Home

Hoge Raad, 17-06-2016, ECLI:NL:HR:2016:1221, 15/03963

Hoge Raad, 17-06-2016, ECLI:NL:HR:2016:1221, 15/03963

Gegevens

Inhoudsindicatie

HR: 81.1 RO.

Uitspraak

17 juni 2016

Nr. 15/03963

Arrest

gewezen op het beroep in cassatie van [X] te [Z] (hierna: belanghebbende) tegen de uitspraak van het Gerechtshof Den Haag van 15 juli 2015, nrs. BK‑15/00222 tot en met BK-15/00224, op het hoger beroep van belanghebbende tegen de uitspraken van de voorzieningenrechter van de Rechtbank Den Haag (nrs. SGR 15/938 tot en met SGR 15/940) betreffende een door belanghebbende gedaan verzoek om een voorlopige voorziening.

1 Geding in cassatie

Belanghebbende heeft tegen ’s Hofs uitspraak beroep in cassatie ingesteld en daarbij een aantal klachten aangevoerd.

De Staatssecretaris van Financiën heeft een verweerschrift ingediend.

Belanghebbende heeft een conclusie van repliek ingediend.

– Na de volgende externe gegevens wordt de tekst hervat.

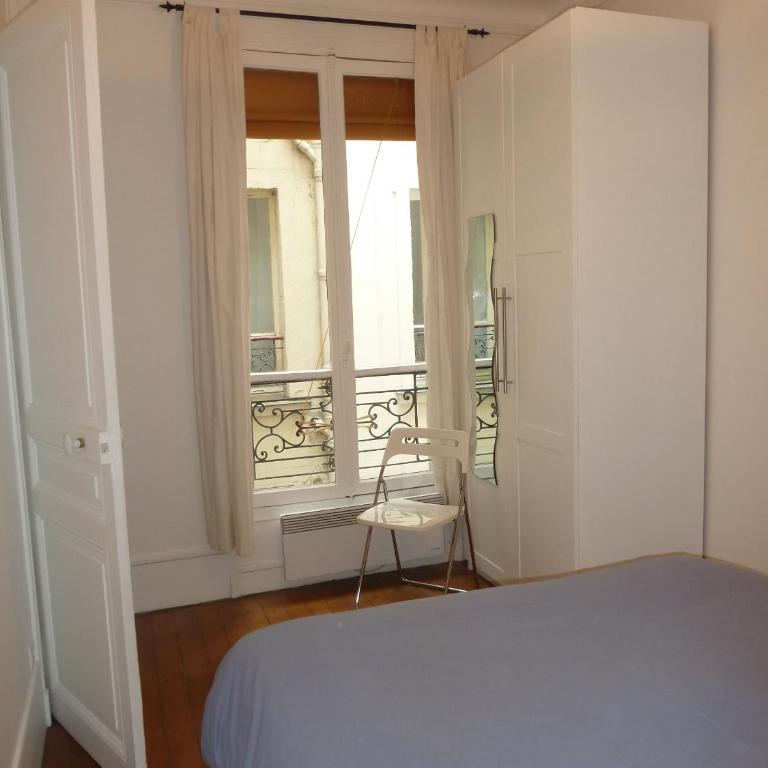 Au coeur de Paris - One-Bedroom Apartment - 10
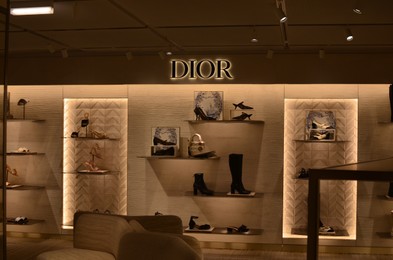 Photo of Paris, France - December 10, 2022: Dior store display with different shoes and bags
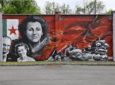 “Milano è Memoria”, il volto dei partigiani Onorina Brambilla, Carla Capponi e Giovanni Pesce su un murales alla Cittadella degli Archivi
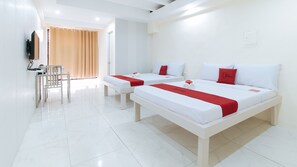 A hotel room with two beds, each with white bedding and red accents, a small table with a chair, and a TV mounted on the wall. - RedDoorz @ DBuilders Rooms Lower Bicutan (Taguig)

2 Beoordeling van de klachten

De klachten kunnen niet tot cassatie leiden. Dit behoeft, gezien artikel 81, lid 1, van de Wet op de rechterlijke organisatie, geen nadere motivering, nu de klachten niet nopen tot beantwoording van rechtsvragen in het belang van de rechtseenheid of de rechtsontwikkeling.

3 Proceskosten

De Hoge Raad acht geen termen aanwezig voor een veroordeling in de proceskosten.